Step1: Find the derivative

The derivative of $f(x)=2x^{3}-3x^{2}+2$ using the power - rule $(x^n)' = nx^{n - 1}$ is $f'(x)=6x^{2}-6x=6x(x - 1)$.

Step2: Find the critical points

Set $f'(x)=0$. So, $6x(x - 1)=0$. Solving this equation gives $x = 0$ and $x = 1$ as the critical points.

Step3: Analyze the sign of the derivative

We consider the intervals $(-\infty,0)$, $(0,1)$ and $(1,\infty)$.
For $x\in(-\infty,0)$, let $x=-1$, then $f'(-1)=6\times(-1)\times(-2)=12>0$, so $f(x)$ is increasing on $(-\infty,0)$.
For $x\in(0,1)$, let $x=\frac{1}{2}$, then $f'(\frac{1}{2})=6\times\frac{1}{2}\times(-\frac{1}{2})=-\frac{3}{2}<0$, so $f(x)$ is decreasing on $(0,1)$.
For $x\in(1,\infty)$, let $x = 2$, then $f'(2)=6\times2\times1 = 12>0$, so $f(x)$ is increasing on $(1,\infty)$.
So, $f(x)$ has a relative maximum at $x = 0$ and a relative minimum at $x = 1$.

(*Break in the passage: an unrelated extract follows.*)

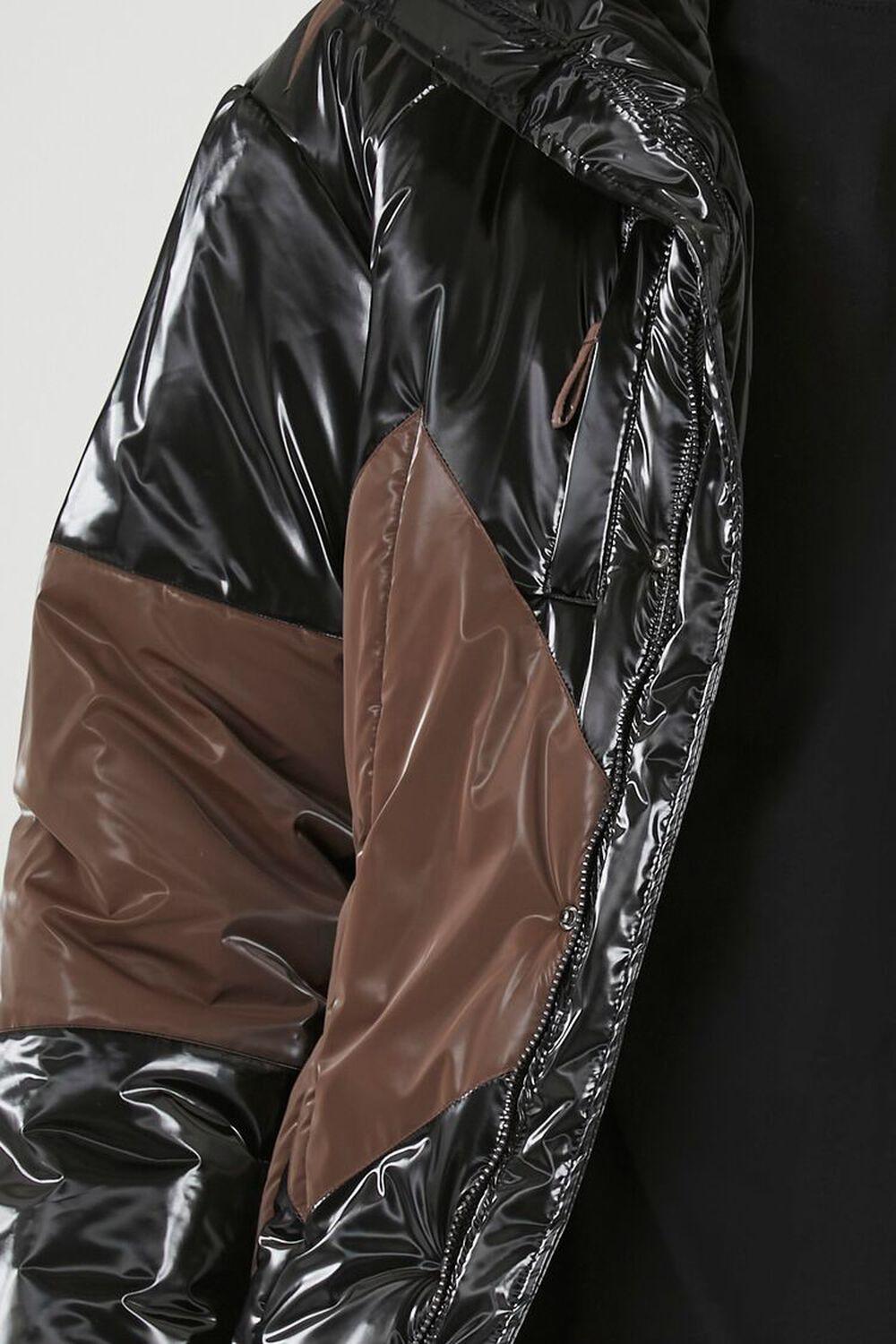 Faux Patent Leather Puffer Jacket | Forever 21 Product Image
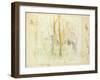 Red Trees, 1885 (W/C on Paper)-Berthe Morisot-Framed Giclee Print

Step4: Analyze the zero - points

$f(-1)=2\times(-1)^{3}-3\times(-1)^{2}+2=-2 - 3+2=-3<0$ and $f(0)=2>0$. By the Intermediate Value Theorem, there is a zero between $x=-1$ and $x = 0$.

Answer:

zero between $x=-1$ and $x = 0$
relative maximum at $x = 0$
relative minimum at $x = 1$